I have so much makeup on my face it’s not even funny. Stage makeup is a completely different ballgame to regular makeup. Things never look the same on camera as they do in real life. I’ve only been in the spotlight for a couple of months – but even I already know – the camera always lies.
I decide to grab some dinner before the show starts. It’s Golden Week and most of the restaurants are closed for the holidays. I wish I had holidays, too. But welcome to working life in Japan. It hasn’t been easy. I work and work. And then I work some more.
In Genesis 3:17, God tells Adam, “In toil you will eat of it all the days of your life.”
I came to Japan with nothing. I slowly built myself up from the ground. I hope the seeds I’ve planted will one day grow into that big wondrous tree of life.
This journey hasn’t been easy, but it’s been rewarding. I have too much pride to ask for help – even from my significant other. I’ve always believed the people who love you empower you, not enable you. Raise yourself up. You don’t belong on the ground.

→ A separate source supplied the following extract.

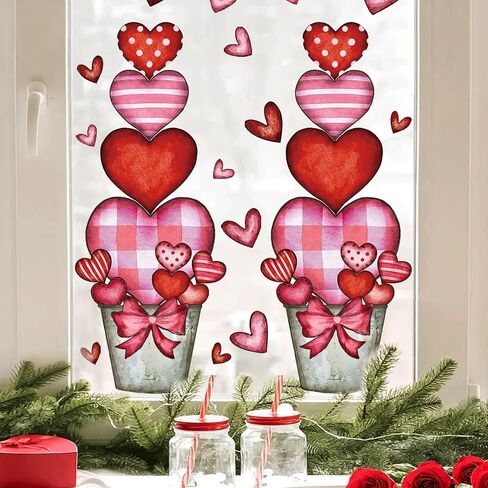 Valentines Day Decorations: 4 Sheets Extra Large Rustic Heart Flower Pot Window Clings, Romantic Red Pink Heart Potted Valentines Decor for Kids, Home, School, Office, Wedding Gifts in Saudi Arabia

I look at my watch. An hour before the show starts. I should grab a bite.
It’s hard to find a restaurant that’s willing to make me a vegetarian meal. Slim pickings. I find a Chinese restaurant with an Iranian manager. He recommends the vegetable soup. He even agrees to put a heap of Sichuan chilli on it. I’m pleased. The manager asks me if the pearls I’m wearing are real. I laugh. As if I would wear anything fake. I’ve earned every dollar the hard way. I deserve better than fake pearls.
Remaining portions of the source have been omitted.